This, of course, was the bare minimum: if successive ANC leaders weren’t so busy blowing their counterparts at Davos and other Swiss luxury day camps, they might have noticed that the hundreds of billions of debt the apartheid regime racked up – which the New South Africa was forced to reimburse to countries that magically transformed into “donors” overnight – was at the very least a cudgel with which to beat concessions from Big Capital. But no. Despite Madonsela’s insistence that she was inadequately resourced for a job of such forensic magnitude, and although Judges Willem Heath and Dennis Davis on separate occasions found fault with the fake bank bailout programme, the smoking gun – hard data from, say, the SARB – remained frustratingly out of reach.

I’m drawing a blank on who was president of the Republic of South Africa back when Noseweek broke the story, but he/she didn’t show any interest in pushing the investigation further, mostly because state looting is the national pastime, and he/she was otherwise engaged in the same; banks and big business serve as cashmere-lined landing pads for ex-government hacks, and prosecuting away a lucrative retirement package is just a dumb move; the old “stability” chestnut; and the original (alleged) dirty deal with the former oppressors.

But times change. The ANC’s squabbling now resembles a fight over the last square of toilet paper during a dysentery outbreak, and recovering stolen apartheid money has become a weapon in a factional war. When Zuma was forced to can the hapless Gupta plant Des van Rooyen, replacing him with the hapful Big Corporate plant Pravin Gordhan, the dormant CIEX report become a PR bomb waiting for a trigger. Enter Bell Pottinger, the British reputational enhancement firm, retained by the Guptas in order to turn them into, I dunno, the Kardashians? Absa, along with a number of other financial institutions, had unbanked the Guptas’ Oakbay Investments over the course of the last year, and it was time to get even.

Some people would term this a “conspiracy theory”. But it’s not. This is just politics at its most basic.

Which brings us neatly to the new Public Protector, Busisiwe Mkhwebane, who famously switched the telly channel in her office to Gupta TV, and declared at the outset of her tenure that she wanted a less adversarial relationship with government. Mkhwebane’s leaked report, still incomplete, focuses on Absa, and may serve more as a general mission statement than as a document that binds the bank into coughing up billions:

White monopoly capital” – better translated here as anyone who has recently fucked with Zuma’s paymasters – is going to remain on notice for the length of her term.

Which is not to say that the report is content free: there is, of course, that all-important, formerly missing jigsaw piece – the Omerta-breaking details whistle-blown into the PP’s office. Which brings us to the tragedy of all of this Z-grade politicking: stolen apartheid billions must be reimbursed, and it is time that serious, grown-up procedures were put in place to that effect.
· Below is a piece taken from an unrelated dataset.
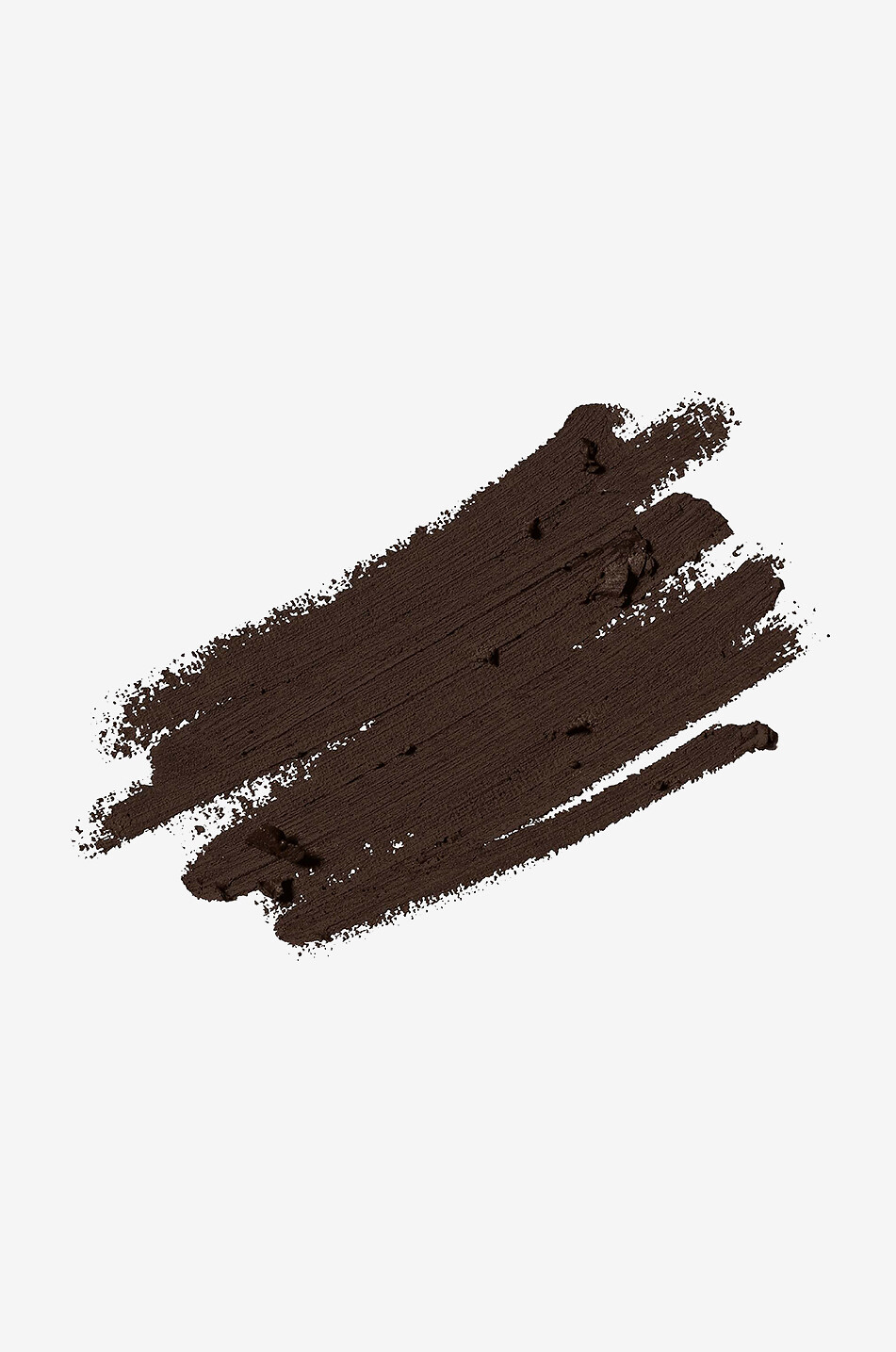 VICTORIA BECKHAM BEAUTY Satin Kajal Liner waterproof long-lasting eye-liner - Cocoa Women Colourless 2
But President Zuma isn’t serious, and neither he nor anyone in his camp could care less about the financial evils wrought at the fall of the previous regime. They are after their own lifeboat-like billion-rand payday, which requires acquiescence – or at least an occasional blind eye – from a recalcitrant Treasury.

And so: leaked report; a whole bunch of hysterics on social media; much opining from the opiners; capped off, as it were, by the BLF claiming Absa’s scalp, while driving Silicon Valley nuts with hashtags that mean nothing outside of South Africa’s media belt.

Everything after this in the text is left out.